Write out all records as given; omit images.

_Records supplied_:

++++++++++++++++++++

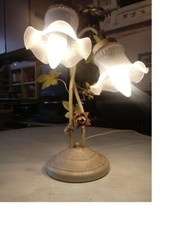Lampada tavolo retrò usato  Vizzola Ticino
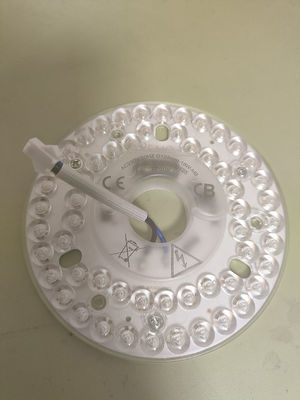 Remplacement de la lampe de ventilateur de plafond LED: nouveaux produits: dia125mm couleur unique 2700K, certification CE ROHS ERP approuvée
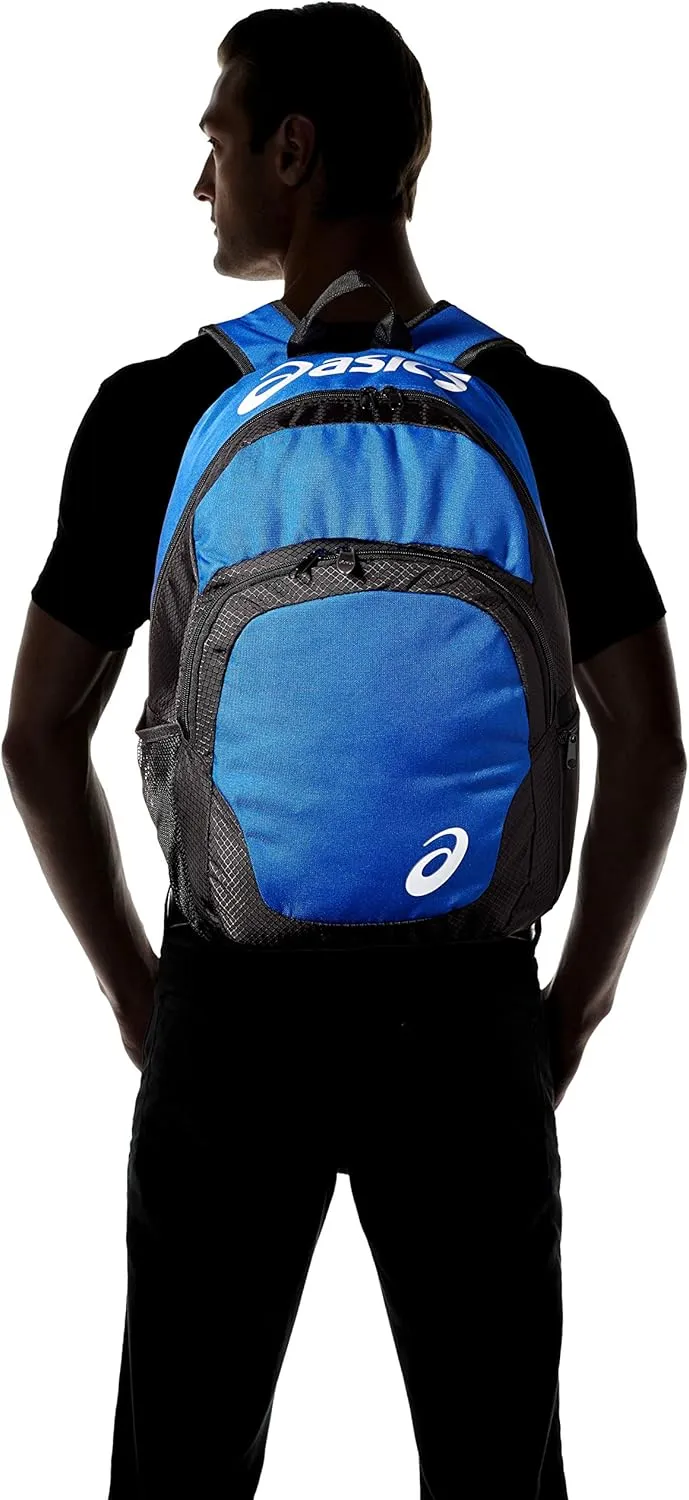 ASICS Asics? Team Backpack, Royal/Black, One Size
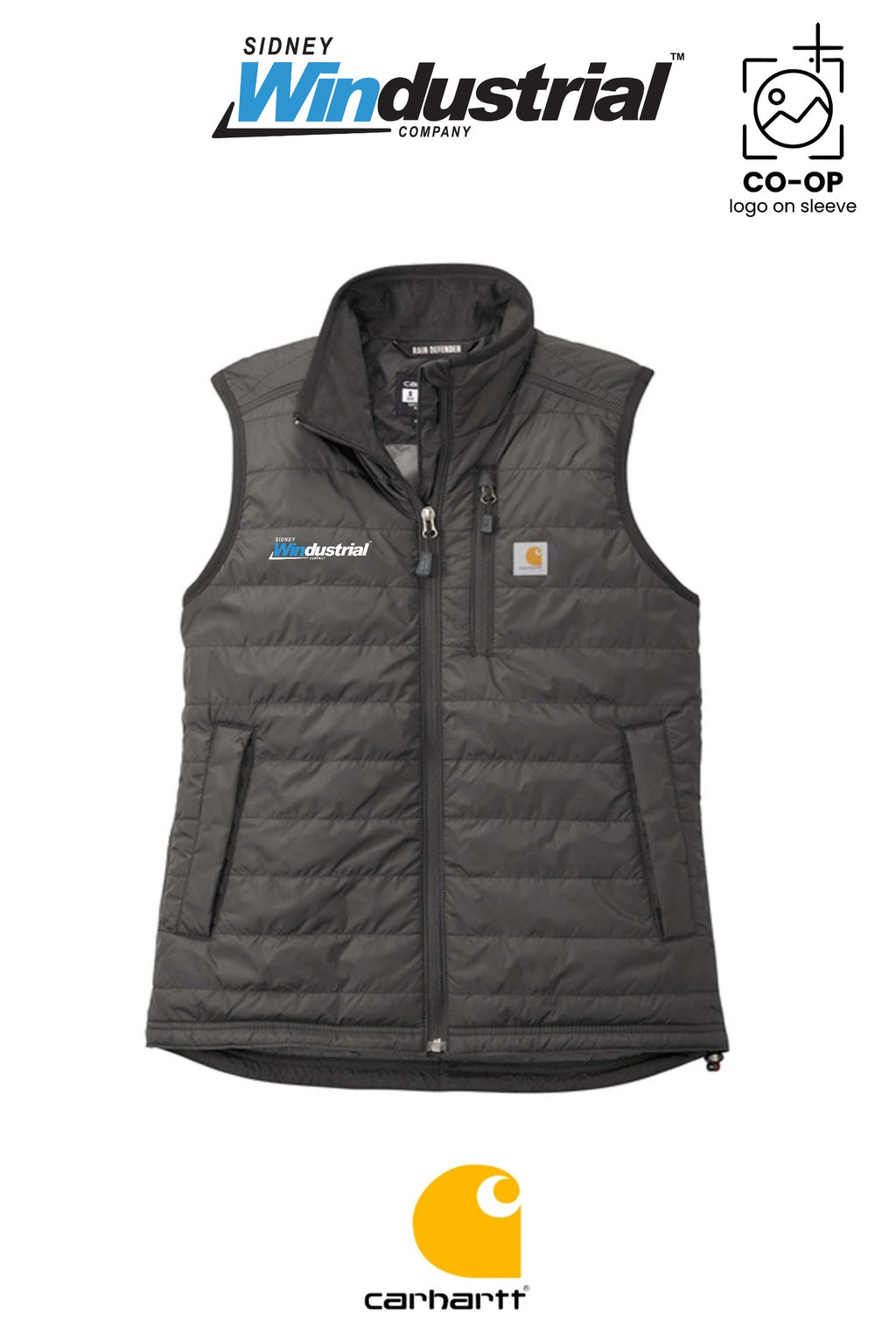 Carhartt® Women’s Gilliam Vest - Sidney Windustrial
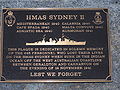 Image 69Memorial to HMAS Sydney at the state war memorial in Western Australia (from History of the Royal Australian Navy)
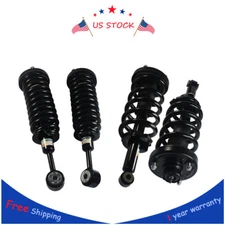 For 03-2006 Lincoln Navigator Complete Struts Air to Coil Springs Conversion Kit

++++++++++++++++++++

_Expected answer_:
Lampada tavolo retrò usato  Vizzola Ticino
 Remplacement de la lampe de ventilateur de plafond LED: nouveaux produits: dia125mm couleur unique 2700K, certification CE ROHS ERP approuvée
 ASICS Asics? Team Backpack, Royal/Black, One Size
 Carhartt® Women’s Gilliam Vest - Sidney Windustrial
 Image 69Memorial to HMAS Sydney at the state war memorial in Western Australia (from History of the Royal Australian Navy)
 For 03-2006 Lincoln Navigator Complete Struts Air to Coil Springs Conversion Kit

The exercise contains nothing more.